When you have a plethora of potted plants from Plant Sale raids, grown yourself or WHY and don’t want to spend half your summer watering them, this is the technique for you.

You need a flat, level piece of ground, continuous plastic sheeting and mulch. You also have the option of adding a soaker hose.

With a carpenter’s level and a straight piece of lumber create a flat piece of ground. You don’t want any high or low spots. If you have rocks or roots that could potentially poke through and compromise the plastic, rake a layer of protective layer of mulch over the offending objects. With mulch or soil, make a 4 inch (10cm rim) around the edge like a berm. Lay down your continuous sheet of heavy plastic. If you don’t have heavy plastic, lay down two sheets. Be careful not to make any holes during this process. Over top the plastic lay down mulch. Many larger plant pots have sharp nibs on their bottoms. These will puncture the plastic so mulch is needed. Add water to make a shallow pool. Smooth mulch so there are no lumps or high spots. Add soaker hose if desired. Add potted plants. The final rim should only be 2 inches deep.

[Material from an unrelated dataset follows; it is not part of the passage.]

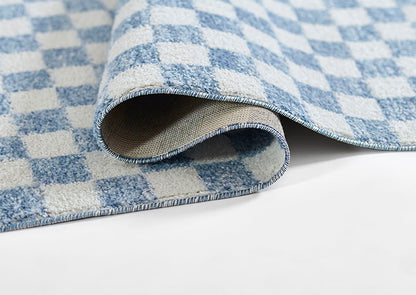 Kaia 1 Checkered Blue Shag Rug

When hardened off, even house plants can live in a summer bed if you can’t find someone to babysit or water them if you are going away.

I’ve had many trees, shrubs and perennials live for years throughout the seasons in these beds allowing them to grow strong for optimum transplants into the garden. During the winter months its best to remove one of the bed’s retaining wall to allow excess water to drain.

I have many of these beds scattered about. Some are in full sun, others in shade. Nut & fruit trees, Acer and Magnolia can go in full sun, but shade plants such as Trillium and other woodland plants go in beds in getting partial shade to mimic natural habitat.

Alternately, I modified beds to grow tomatoes using stucco wire, plastic sheeting and lots of medium.